[Opening Supplied data section]

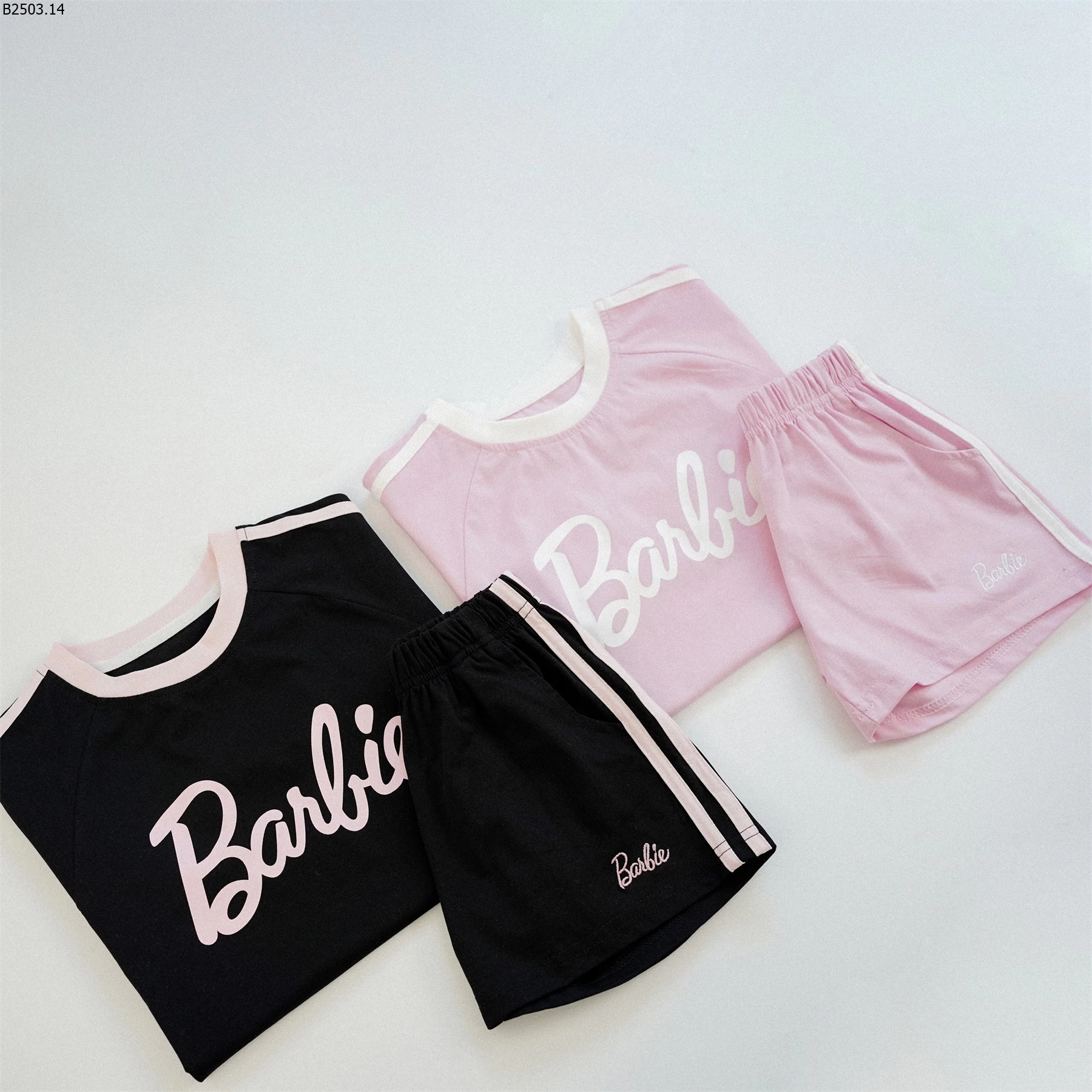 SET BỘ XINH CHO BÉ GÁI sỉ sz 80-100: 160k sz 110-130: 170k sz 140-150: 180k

[Closing Supplied data section]
[Opening Supplied data section]

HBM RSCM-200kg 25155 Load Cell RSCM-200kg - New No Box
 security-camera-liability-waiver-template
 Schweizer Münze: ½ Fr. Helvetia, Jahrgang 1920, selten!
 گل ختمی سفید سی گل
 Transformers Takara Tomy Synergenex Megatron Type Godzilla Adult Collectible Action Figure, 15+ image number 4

[Closing Supplied data section]
[Opening Supplied data section]

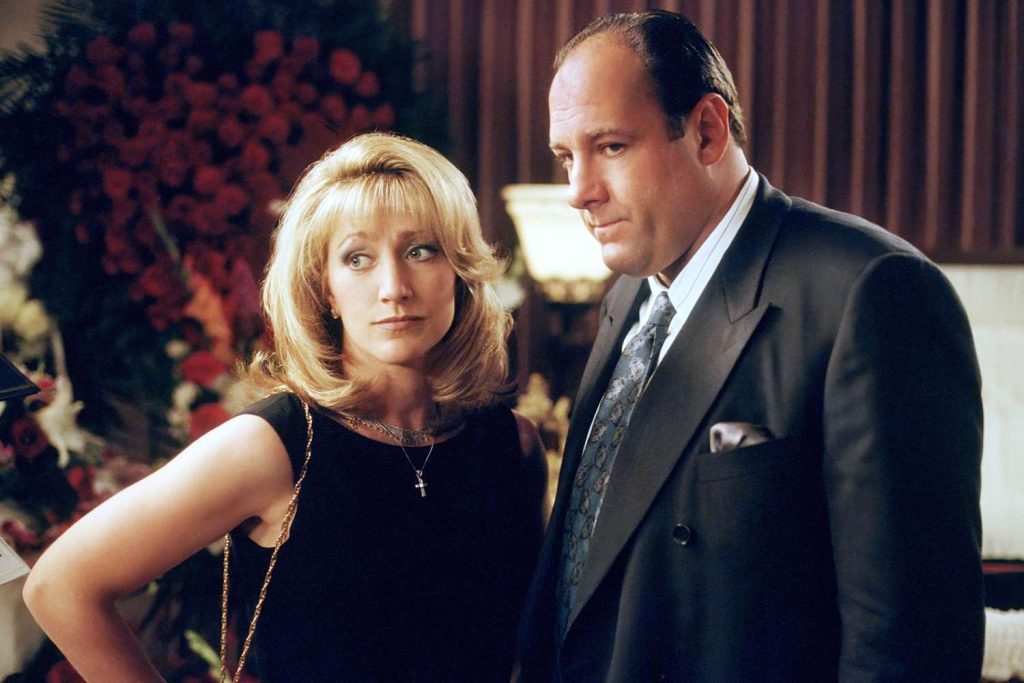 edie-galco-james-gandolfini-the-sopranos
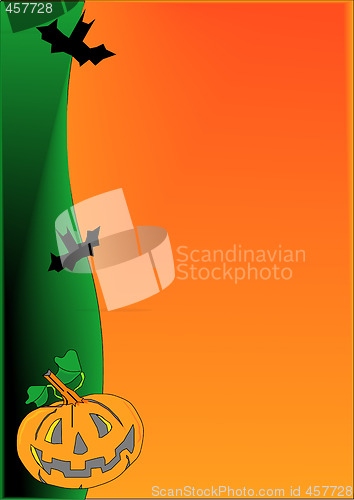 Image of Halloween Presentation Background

[Closing Supplied data section]

## What the task requires
Within the data above, the span starting at the line containing "Schweizer Münze: ½" and ending at the line containing "Transformers Takara Tomy" is to be retyped exactly, with no other lines.

## Task result
 Schweizer Münze: ½ Fr. Helvetia, Jahrgang 1920, selten!
 گل ختمی سفید سی گل
 Transformers Takara Tomy Synergenex Megatron Type Godzilla Adult Collectible Action Figure, 15+ image number 4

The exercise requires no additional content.